=== Given data ===

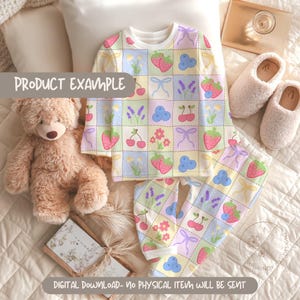 May include: A pastel-colored pajama set with a repeating pattern of strawberries, cherries, bows, and flowers. The long-sleeved top and pants are displayed with a teddy bear, slippers, and a book. Text on the image reads "PRODUCT EXAMPLE" and "DIGITAL DOWNLOAD- NO PHYSICAL ITEM WILL BE SENT".
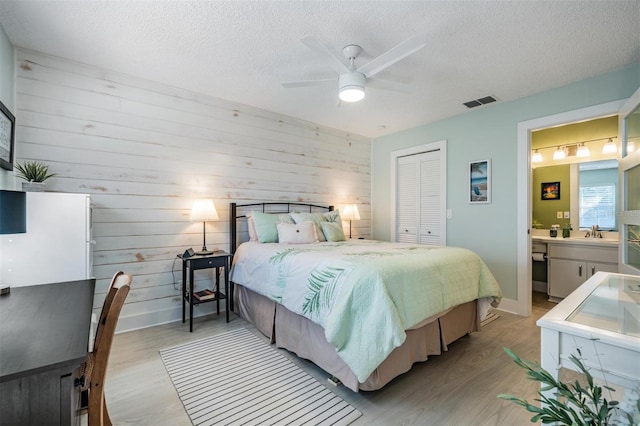 bedroom with ensuite bathroom, a textured ceiling, ceiling fan, light hardwood / wood-style floors, and a closet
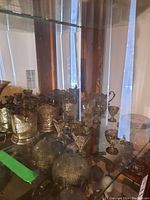 Display case view of multiple silver filigree holders and small dishes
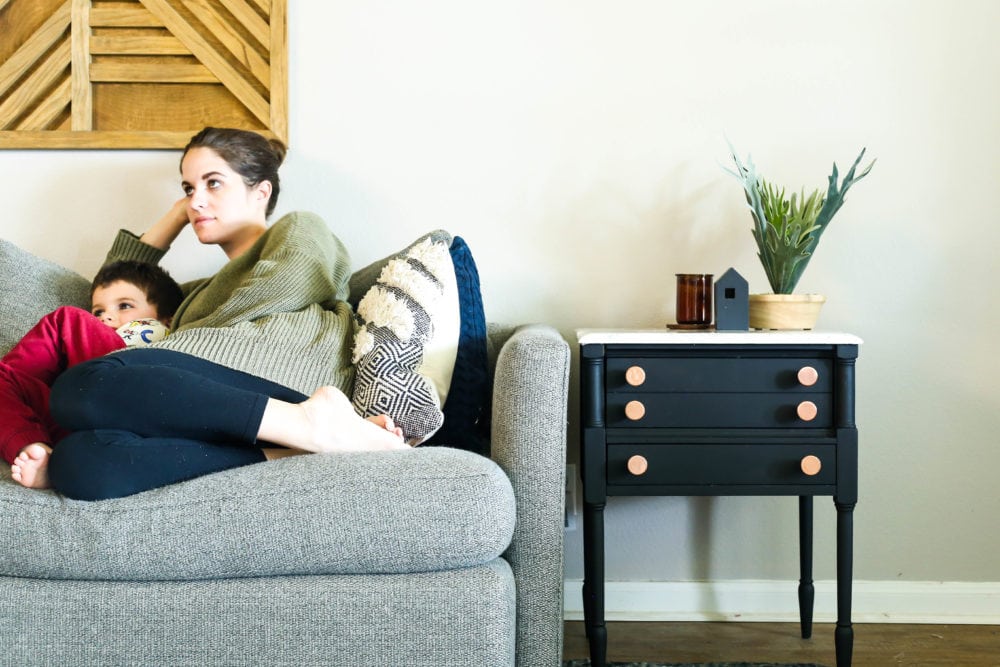 woman and young boy sitting on a gray sofa next to a black side table with a faux marble top.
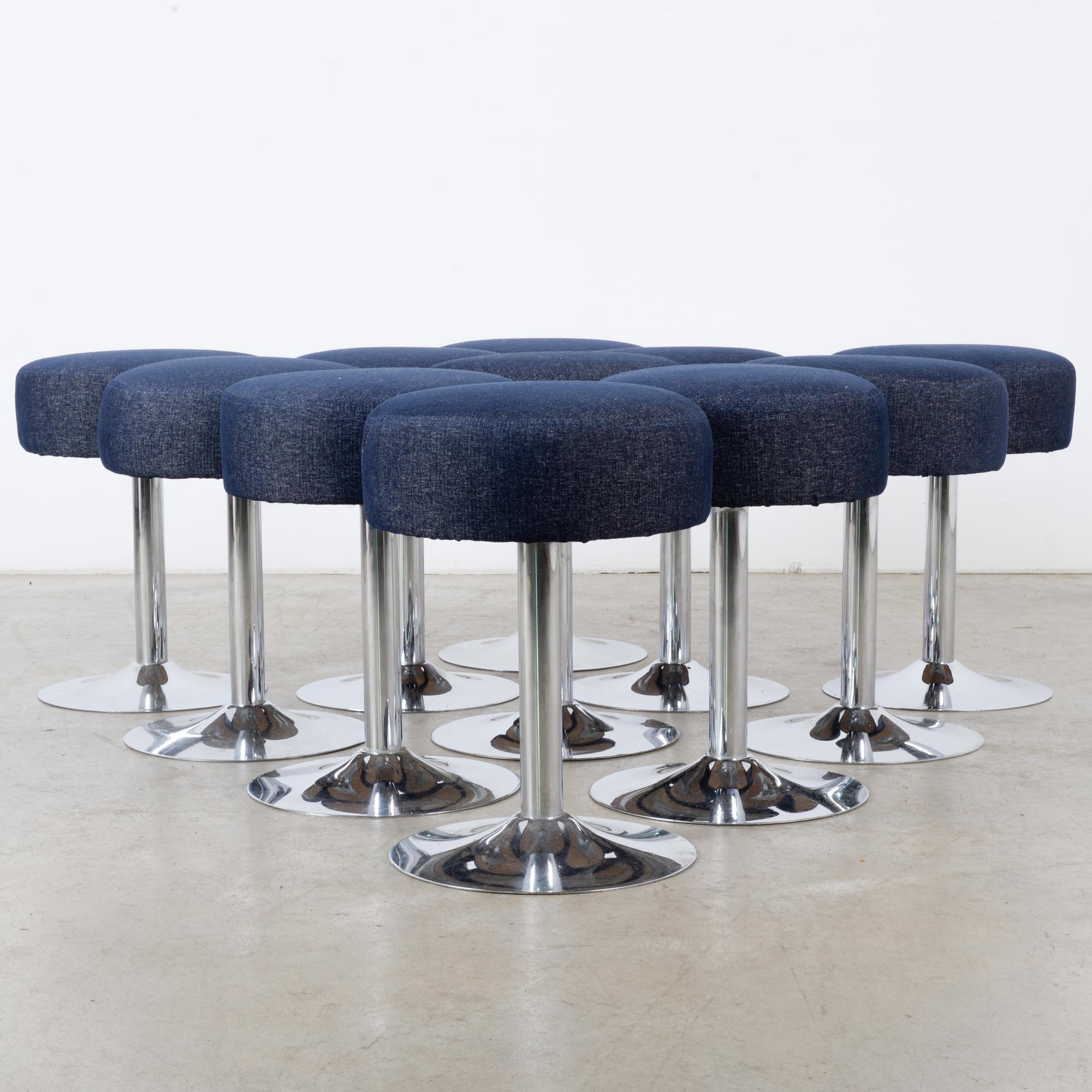 A set of eleven metal stools with upholstered seats from France, circa 1960. Pedestals of bright reflective metal support circular seats, upholstered in an indigo blue. The clean lines are suggestive of Space Age design. The deep color creates an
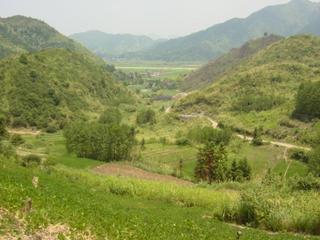 #1: Facing east-northeast, with farmhouse in centre, main road in distance, and side road on right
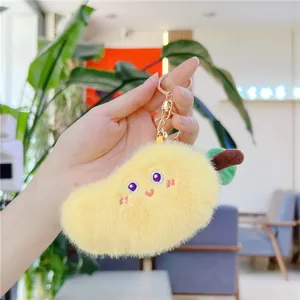 Dettaglio del portachiavi in peluche a forma di frutto giallo con ricamo e clip dorata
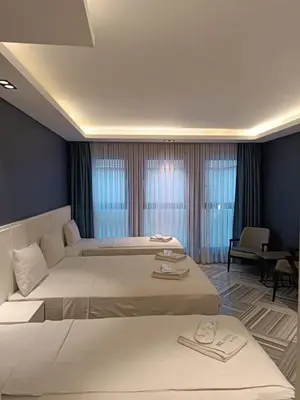 a hotel room with two beds and a table at Sel Suite Hotel in Istanbul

===

Line by line, reproduce exactly the lines from the one containing "bedroom with ensuite" through the final line of the material, both included, leaving every picture out.

 bedroom with ensuite bathroom, a textured ceiling, ceiling fan, light hardwood / wood-style floors, and a closet
 Display case view of multiple silver filigree holders and small dishes
 woman and young boy sitting on a gray sofa next to a black side table with a faux marble top.
 A set of eleven metal stools with upholstered seats from France, circa 1960. Pedestals of bright reflective metal support circular seats, upholstered in an indigo blue. The clean lines are suggestive of Space Age design. The deep color creates an
 #1: Facing east-northeast, with farmhouse in centre, main road in distance, and side road on right
 Dettaglio del portachiavi in peluche a forma di frutto giallo con ricamo e clip dorata
 a hotel room with two beds and a table at Sel Suite Hotel in Istanbul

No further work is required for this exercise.